Ta inwestycja może zrewolucjonizować energetykę w Polsce. Czy na Bałtyku powstanie wiatrowe El Dorado? Czy nie mówimy jednak o tej inwestycji zbyt optymistycznie? O tym w rozmowie z Arturem Kiełbasińskim mówił Gość Dnia Radia Gdańsk – Zbigniew Gryglas, wiceminister aktywów państwowych, pełnomocnik rządu ds. rozwoju morskiej energetyki wiatrowej.
Wiceminister mówił na naszej antenie o tym, kiedy najprawdopodobniej zaczną działać farmy wiatrowe. – Pierwsza energia z farm na Bałtyku popłynie pod koniec 2024 roku. To będzie moment, w którym będziemy mieli już pierwsze instalacje i jest szansa na to, by pierwszy prąd z polskich, biało-czerwonych farm popłynął do naszych domów.

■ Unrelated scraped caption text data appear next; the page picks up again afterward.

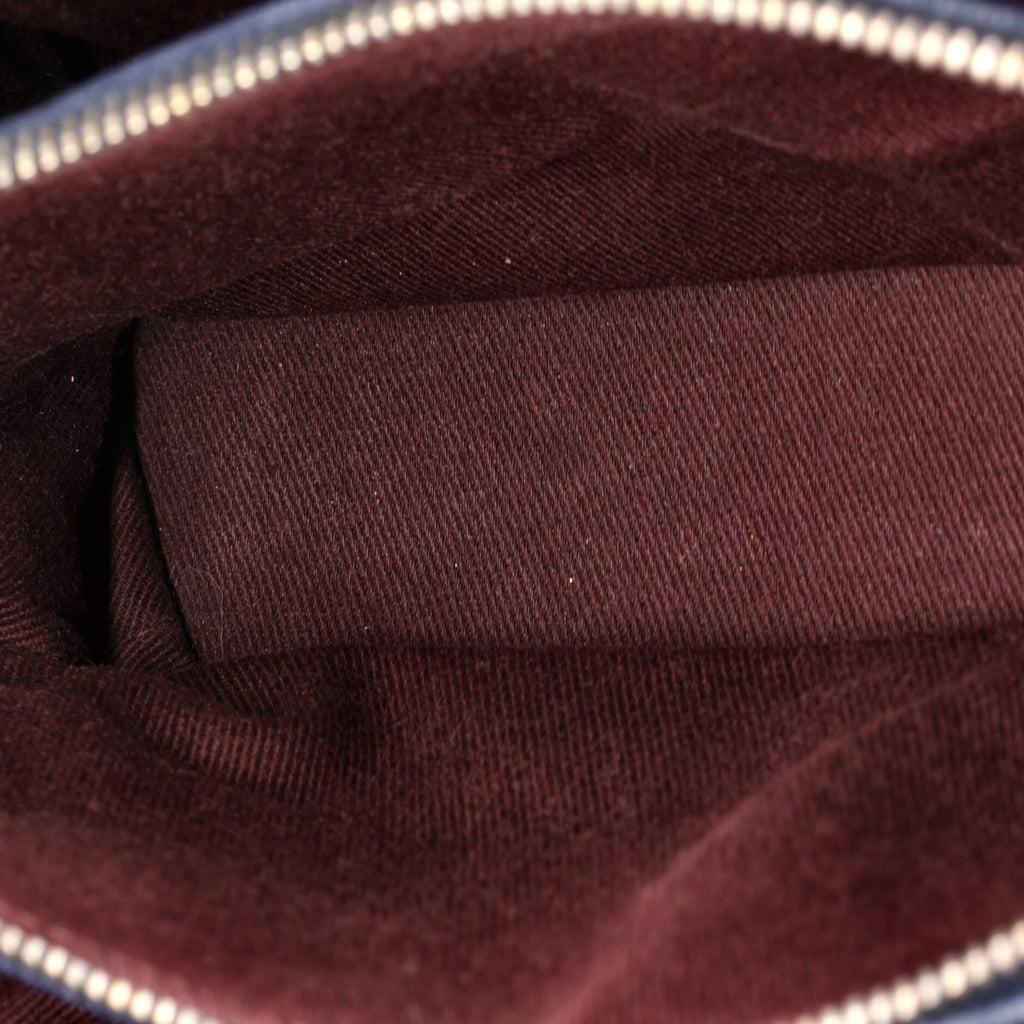 Trapezio Flap Bag Quilted Sheepskin Small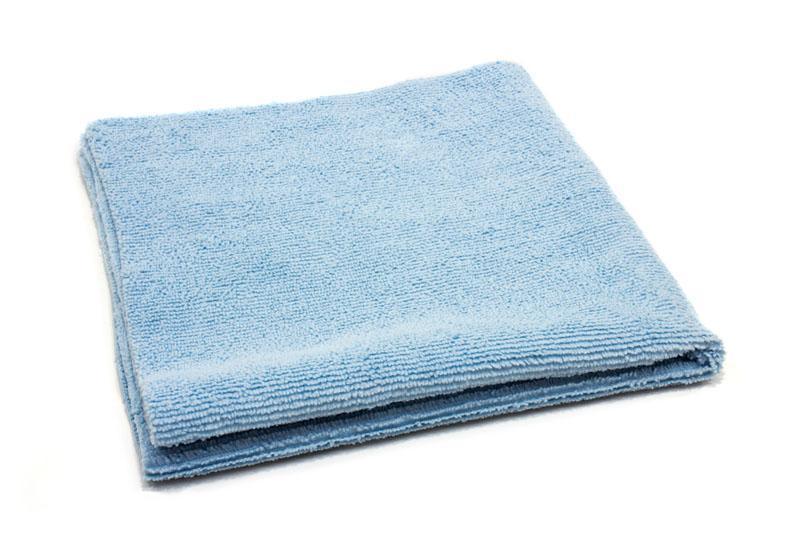 PCC Edgeless Microfiber, 340gsm, 40x40cm, Sky Blue - Planet Car Care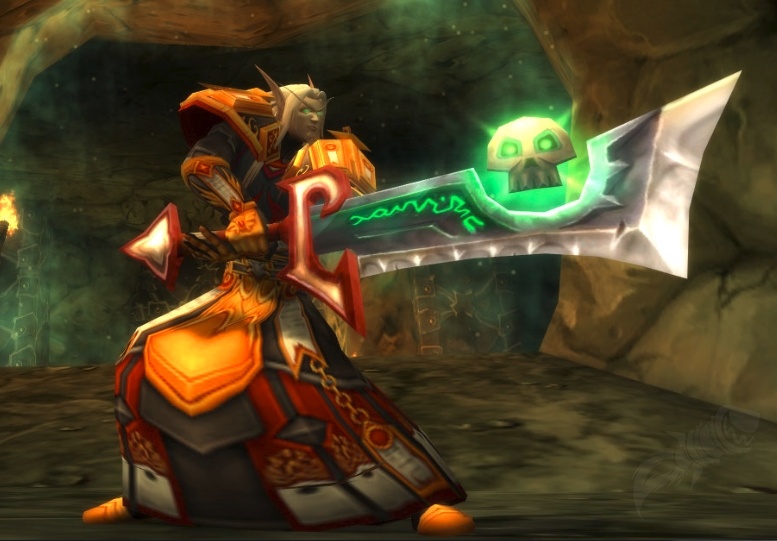 Bring Back Corrupted Ashbringer As A Replica For Transmog Only 
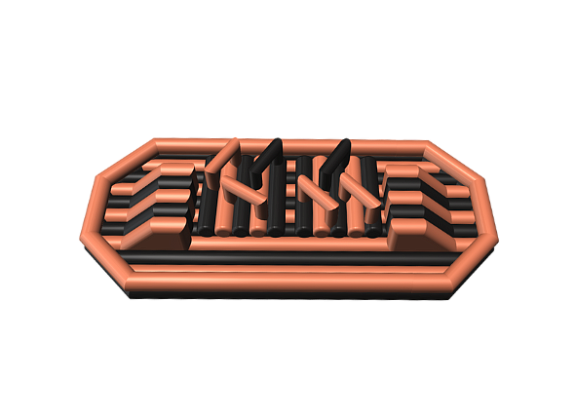 картинка Полоса препятствий "Качели" от компании Рент-Бери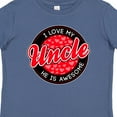 thumbnail image 4 of Inktastic I Love My Uncle Boys or Girls Baby T-Shirt, 4 of 5
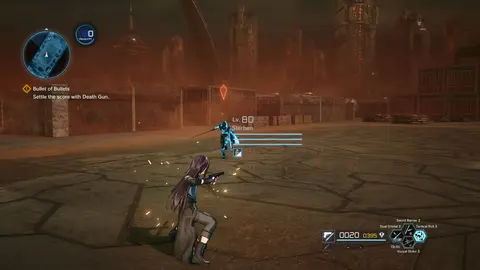 Sword Art Online: Fatal Bullet screenshot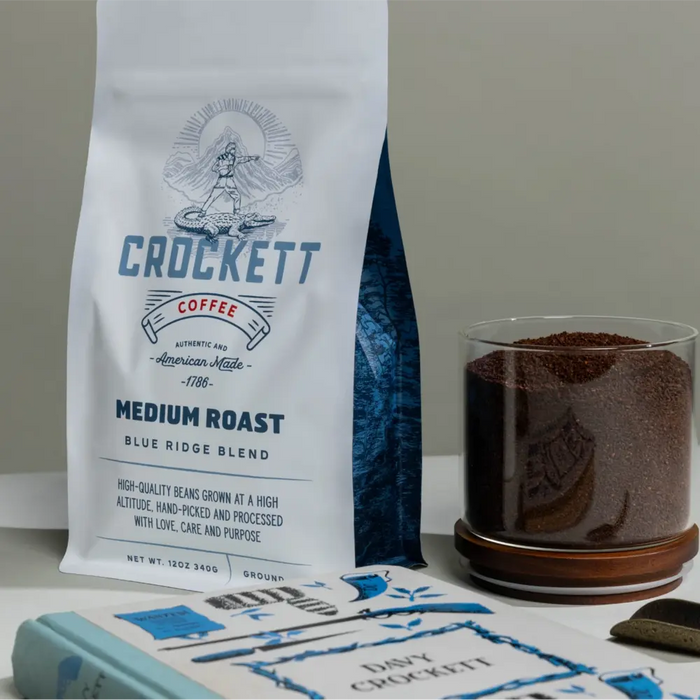 Crockett Coffee Bags San Antonio Texas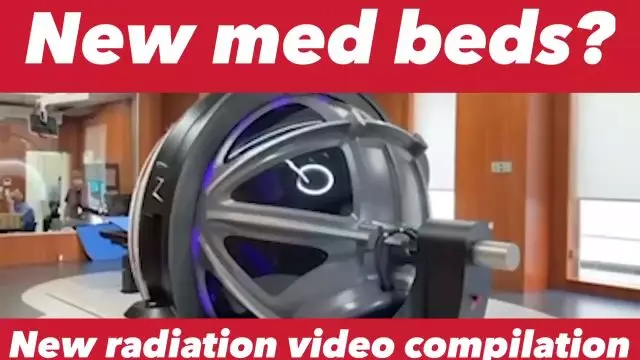 New Med Beds!? Radiation (RF:EMF) Poisoning Compilation Video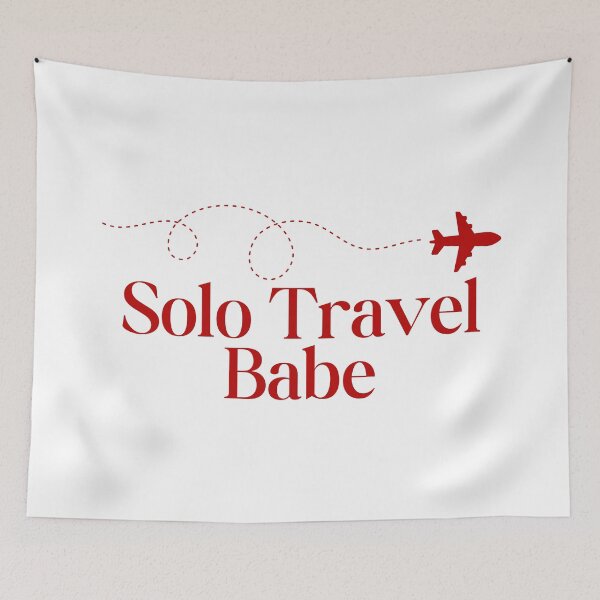 Item preview, Solo Travel Babe designed and sold by SWETA HALDER.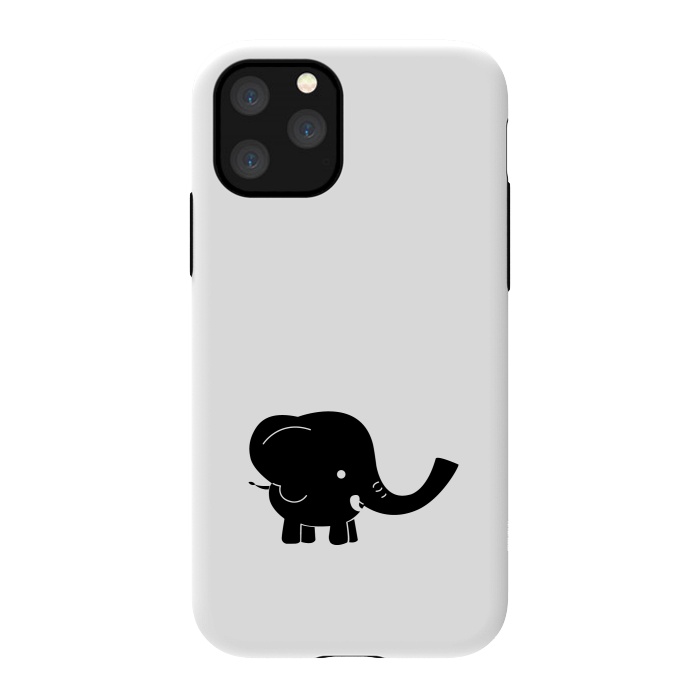 iPhone 11 Pro StrongFit Cute elephant cartoon by TMSarts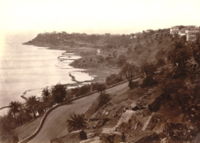 Malabar Point, Bombay, 1860s. Oriental and India Office Collection. British Library.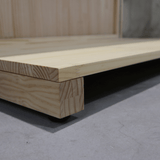 【全4色】ナチュラルウッドゴンドラ/片面ステージタイプ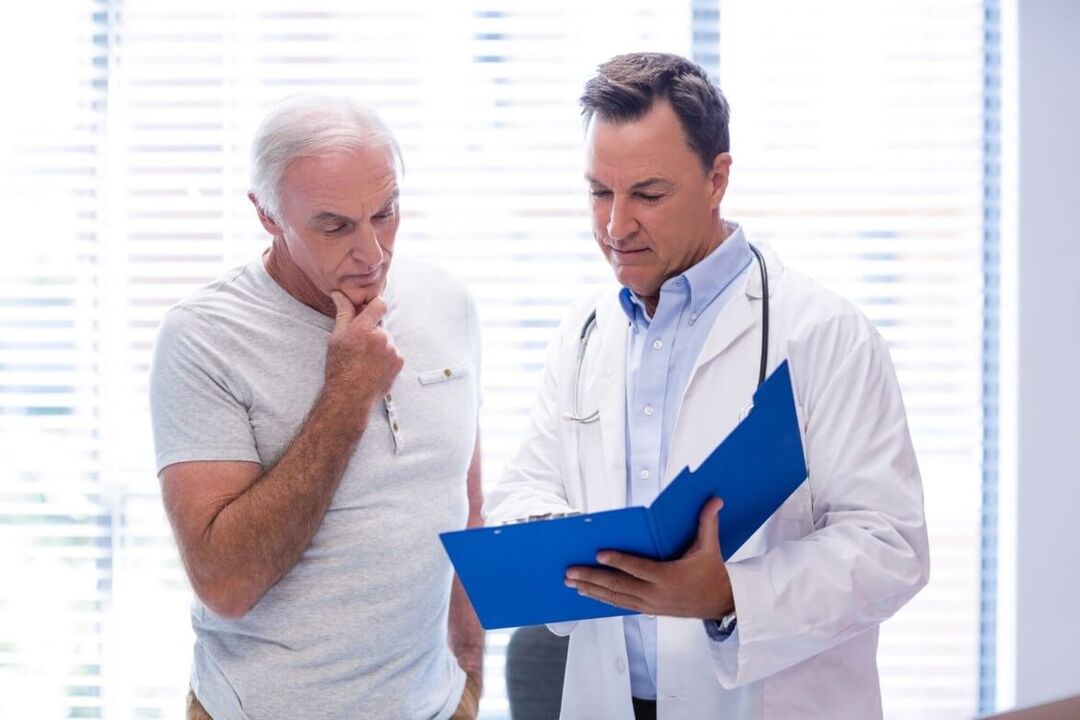 Doktor tarafından prostatit tedavisinin atanması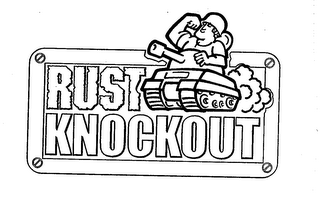 RUST KNOCKOUT logo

Zbigniew Gryglas mówił także o ogromnej inwestycji, jaką jest zakup tysiąca wiatraków. – To już jest rzeczywistość. My dzisiaj nie tylko mówimy o tym gigantycznym projekcie, ale realizujemy też konkretne kroki. W Gdyni ma powstać największy w Polsce terminal obsługujący budowę tych farm wiatrowych. A powstanie ich na polskim Bałtyku bardzo dużo – zgodnie z programami rządowymi i dokumentem strategicznym „Polityka energetyczna Polski” mówimy o ponad 10 gigawatach mocy – mówił Zbigniew Gryglas. – To oznacza około tysiąca wiatraków na morzu. Koszt tego przedsięwzięcia to około 120 mld złotych. To oznacza wielkie korzyści dla polskiej energetyki, ale też i gospodarki – dodał.
– Bałtyk będzie jednym z największych źródeł zielonej energii dla polskiej gospodarki. Będzie to około 20 proc. całego naszego zapotrzebowania na energię elektryczną. Te 10 gigawatów to dopiero początek, myślimy bardziej ambitnie, bo warunki na polskim morzu są doskonałe – przekonywał wiceminister. – Nawet lepsze niż te na Morzu Północnym, które jest obecnie światowym centrum rozwoju morskiej energetyki wiatrowej. Wierzę, że za kilka lat to będzie Bałtyk. Tutaj przeniesie się główny ciężar – dodał.